The cheques were handed over by Andhra Pradesh home and disaster management minister Vangalapudi Anitha in the presence of city police commissioner Shankhabrata Bagchi. The occasion was more than a disbursement event. It was a public signal that recovery from cyber fraud, long considered an unlikely outcome for most victims, is being treated as an operational priority by the state police machinery.
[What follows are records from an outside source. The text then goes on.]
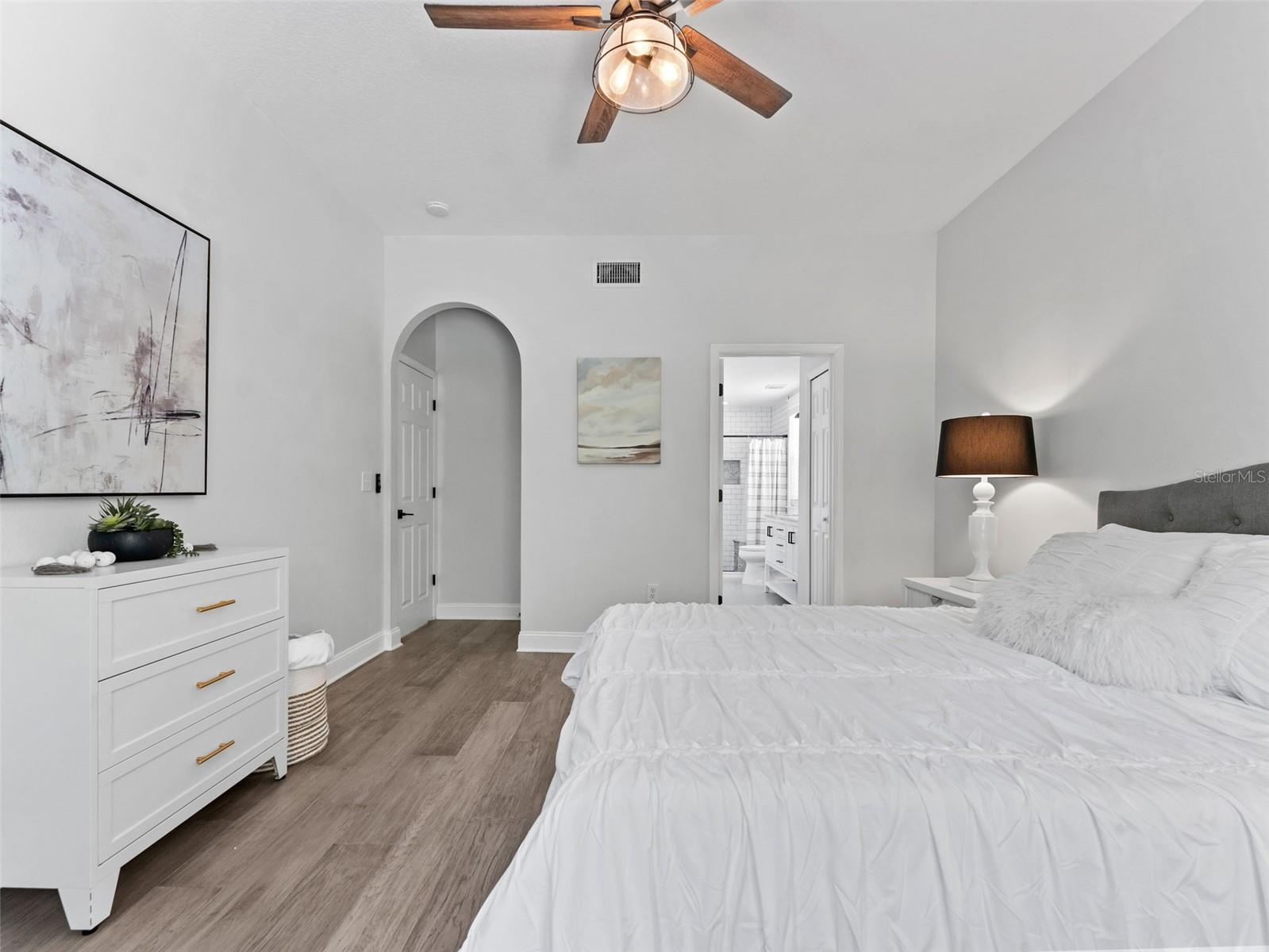 18120 SANDY POINTE DR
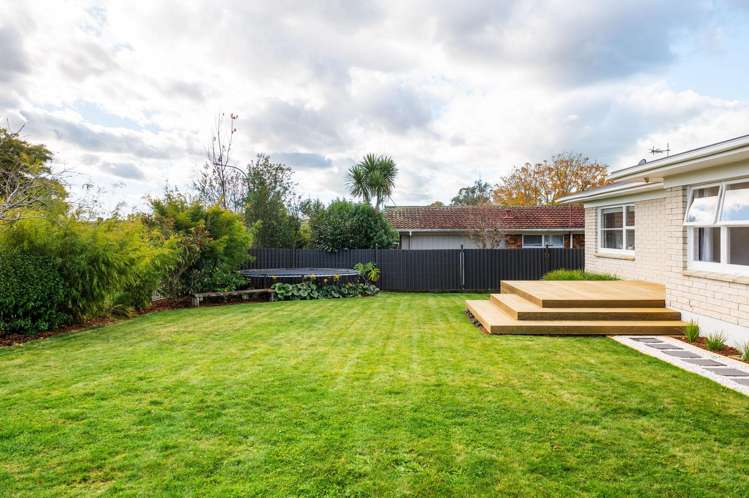 3 Russleigh Drive Dinsdale_23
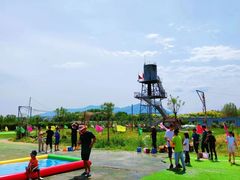 -亲兄弟真人CS团建拓展基地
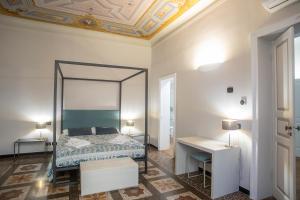 热那亚Il Giardino della Tartaruga的一间卧室设有一张床和格子天花板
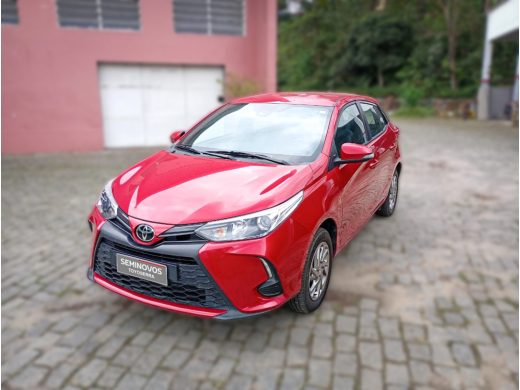 TOYOTA YARIS - foto 2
With this latest round, the cumulative total refunded across all three editions of the Refund Mela has reached Rs 28.49 crore, benefiting 1,550 victims. Refund Mela 1.0 returned Rs 4.63 crore to 150 victims. The second edition disbursed Rs 17.83 crore to 1,090 victims. The scale has grown with each iteration, reflecting both expanding investigative capacity and a more systematic approach to freezing fraudulent transactions before funds disappear into layered networks.
How Recoveries Are Made
Commissioner Bagchi attributed the recoveries to two factors working in tandem: prompt reporting by victims and close coordination with banks, payment gateways, financial institutions, and courts. The mechanics of cyber fraud recovery depend almost entirely on the speed at which the money trail is frozen after a complaint is filed.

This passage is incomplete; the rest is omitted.